Assignment
After finding the line with "summer vacation beach objects cartoon" in the entries below, retype exactly each line from there through the line with "Gold Tone Pearl", including that final line.

Listed entries
^^^^^^^^
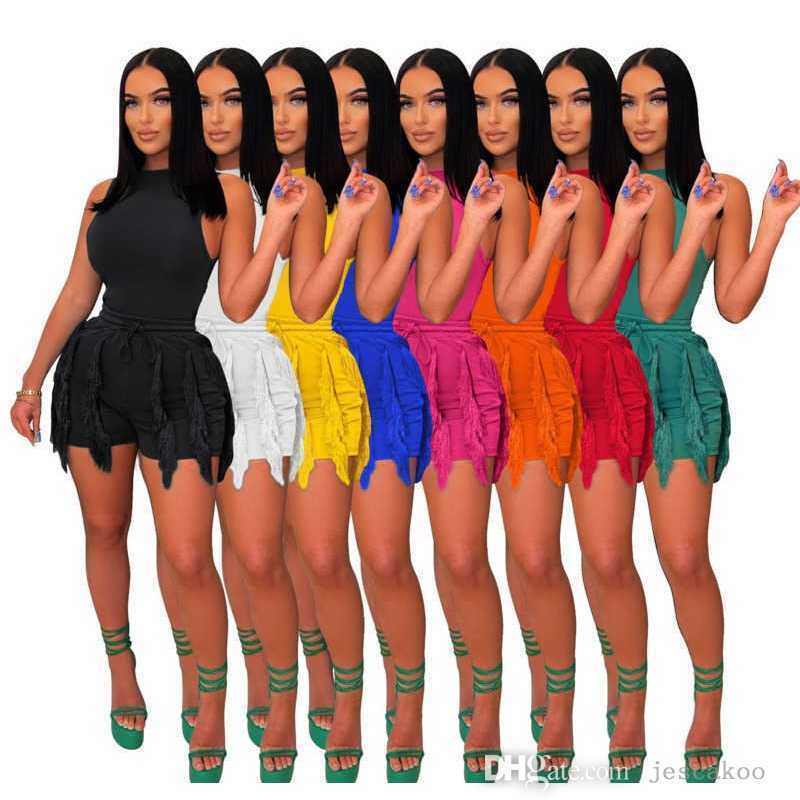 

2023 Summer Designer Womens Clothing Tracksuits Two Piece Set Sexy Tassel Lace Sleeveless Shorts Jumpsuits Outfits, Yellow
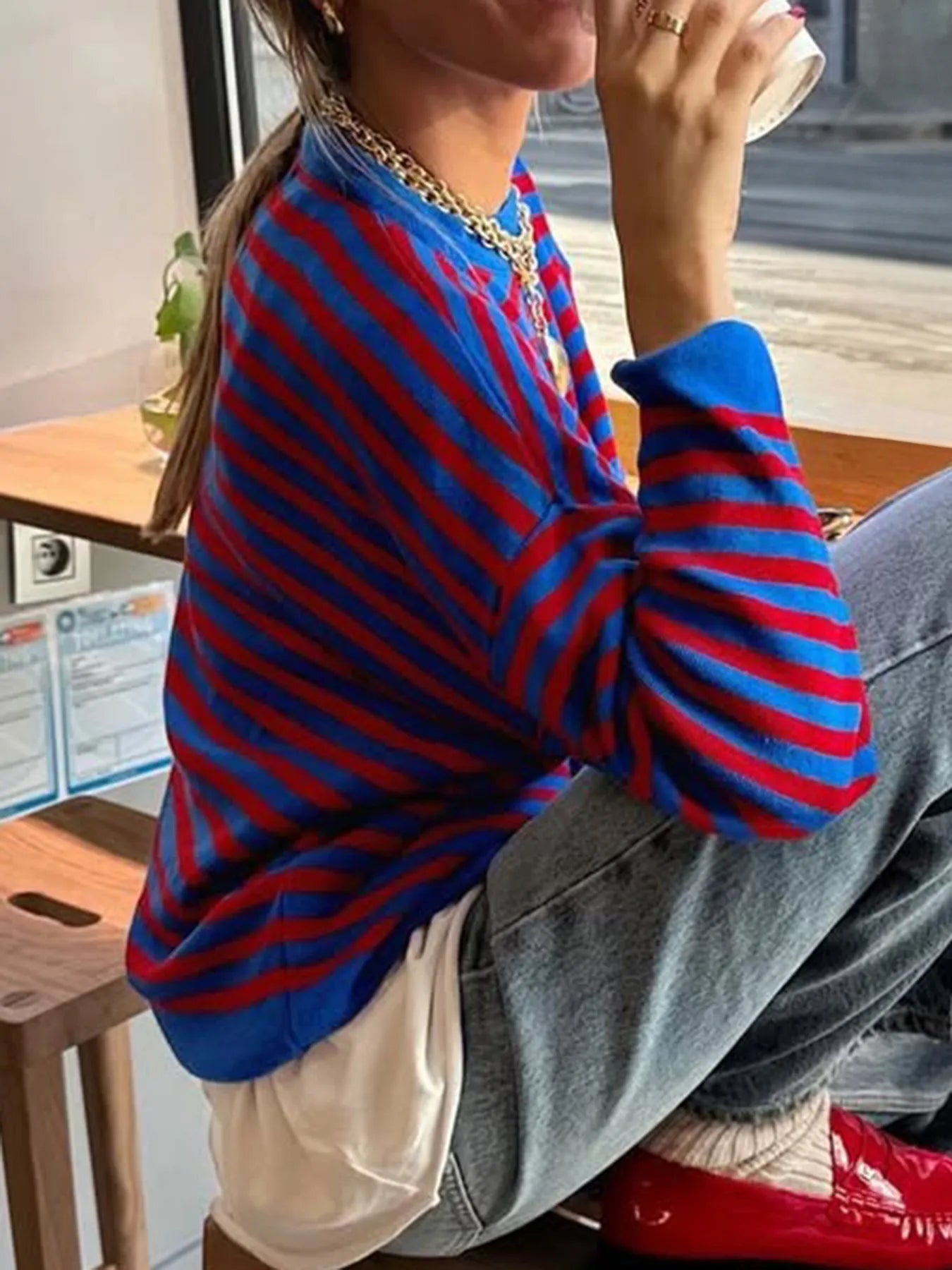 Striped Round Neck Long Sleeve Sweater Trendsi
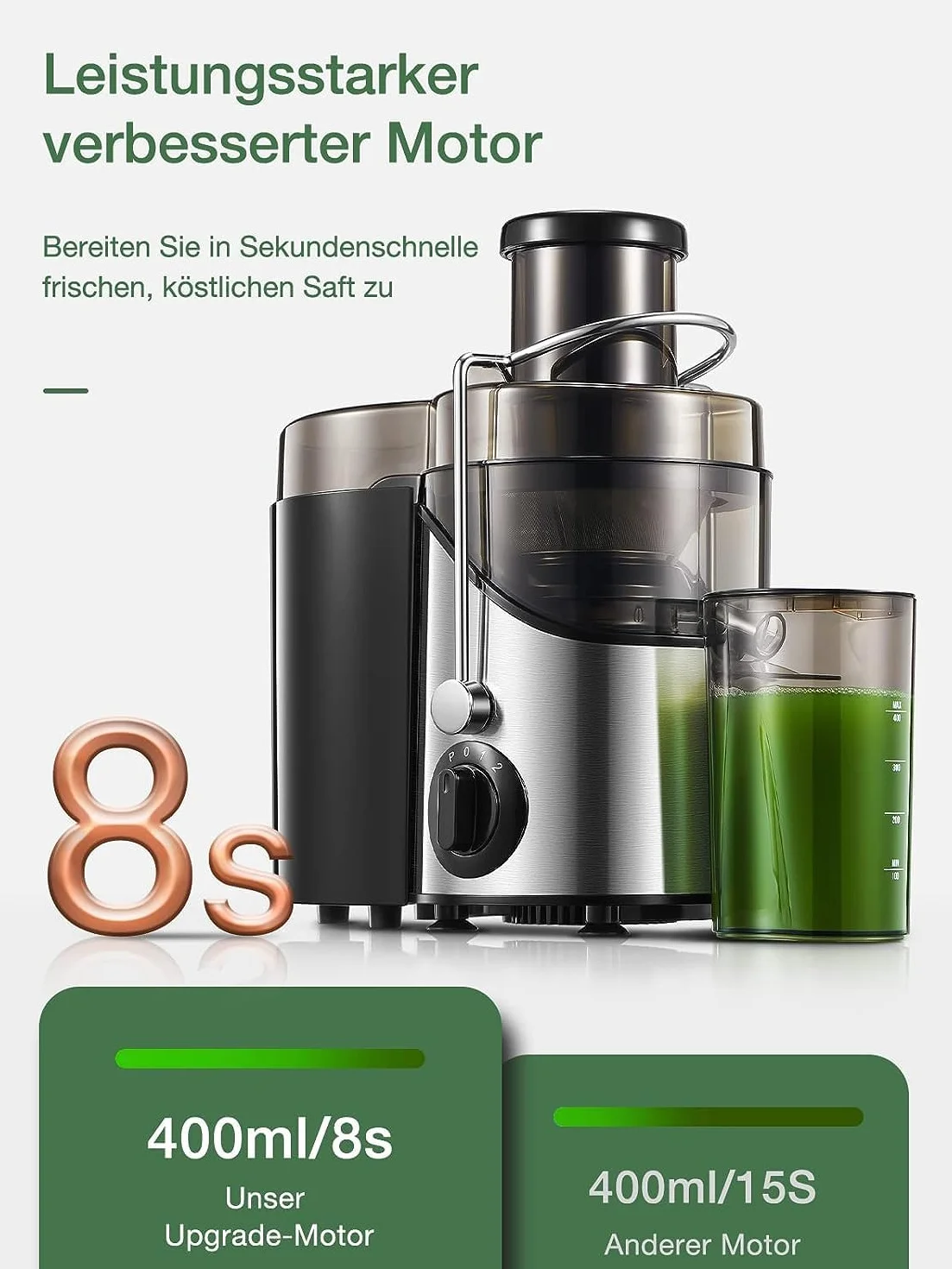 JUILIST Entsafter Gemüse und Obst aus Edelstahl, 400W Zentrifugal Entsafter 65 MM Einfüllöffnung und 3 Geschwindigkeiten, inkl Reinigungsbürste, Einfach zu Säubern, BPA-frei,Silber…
^^^^^^^^
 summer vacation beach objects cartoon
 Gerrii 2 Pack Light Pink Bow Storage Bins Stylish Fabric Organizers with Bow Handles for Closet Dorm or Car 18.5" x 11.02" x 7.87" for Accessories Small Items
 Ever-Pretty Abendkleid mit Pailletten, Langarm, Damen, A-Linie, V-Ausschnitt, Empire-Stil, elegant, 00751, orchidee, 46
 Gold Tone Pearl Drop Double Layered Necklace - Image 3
^^^^^^^^
Written response
 summer vacation beach objects cartoon
 Gerrii 2 Pack Light Pink Bow Storage Bins Stylish Fabric Organizers with Bow Handles for Closet Dorm or Car 18.5" x 11.02" x 7.87" for Accessories Small Items
 Ever-Pretty Abendkleid mit Pailletten, Langarm, Damen, A-Linie, V-Ausschnitt, Empire-Stil, elegant, 00751, orchidee, 46
 Gold Tone Pearl Drop Double Layered Necklace - Image 3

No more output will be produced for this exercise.